[[ SOURCE DATA, beginning ]]
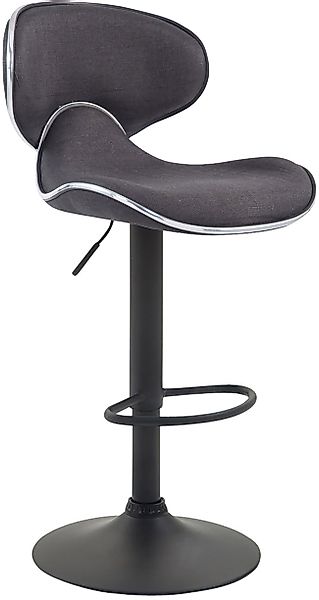 CLP Barhocker Las Vegas V2 Stoff günstig online kaufen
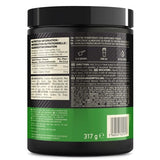 Optimum Nutrition 100% Kreatinpulver 317g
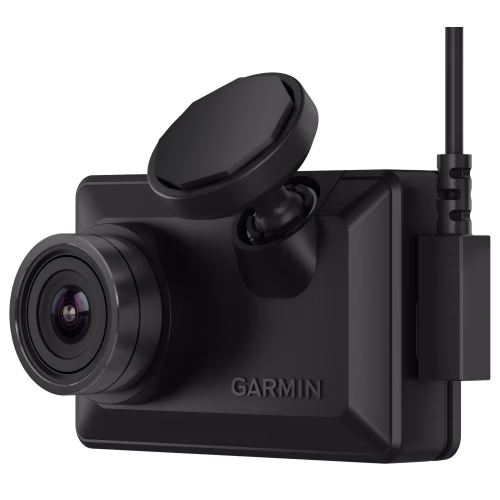 New! Garmin Dash Cam X310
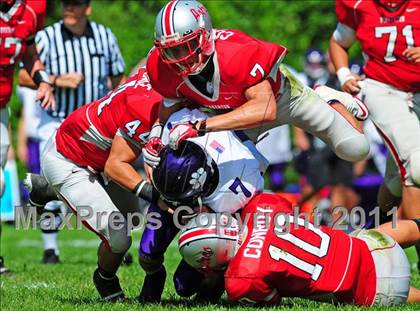 Thumbnail 3 in Nashua South @ Pinkerton photogallery.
[[ SOURCE DATA, end ]]
(WHAT IS REQUIRED):
When the line that holds "Optimum Nutrition 100% Kreatinpulver 317g" is reached, begin duplicating exactly, and continue through the last line of the listing, skipping the pictures; output nothing else.

(SOLUTION TO THIS TASK):
 Optimum Nutrition 100% Kreatinpulver 317g
 New! Garmin Dash Cam X310
 Thumbnail 3 in Nashua South @ Pinkerton photogallery.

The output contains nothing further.